● **Work required**:
What you return should match the data word for word, minus the images.

● **Information shown**:

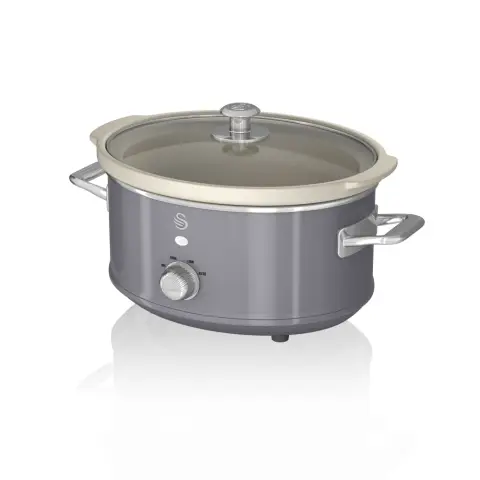 Swan SF17021GRN Retro Slow Cooker with 3 Temperature Settings, Keep Warm Function, 3.5L, 200W, Retro Grey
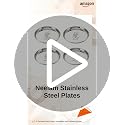 Image 2 of neelam Stainless Steel 9, 22 Gauge, Lazer Etching Buffet Plate, 20 cm, Set of 4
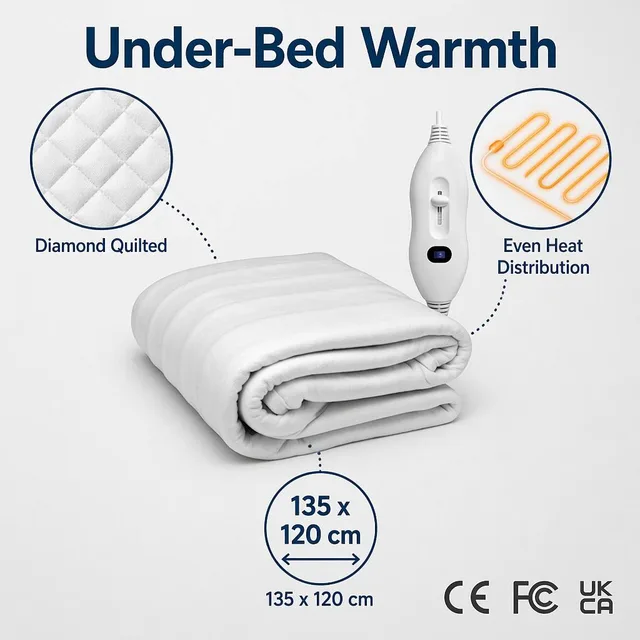 Polyester fitted heated mattress pad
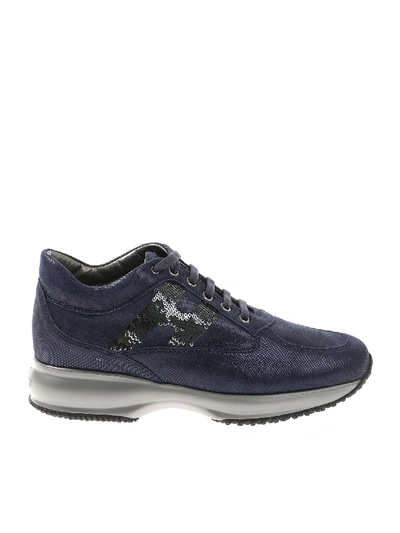 Shop Hogan Interactive H Sneakers With Blue Micro Sequins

● **Exercise output**:
 Swan SF17021GRN Retro Slow Cooker with 3 Temperature Settings, Keep Warm Function, 3.5L, 200W, Retro Grey
 Image 2 of neelam Stainless Steel 9, 22 Gauge, Lazer Etching Buffet Plate, 20 cm, Set of 4
 Polyester fitted heated mattress pad
 Shop Hogan Interactive H Sneakers With Blue Micro Sequins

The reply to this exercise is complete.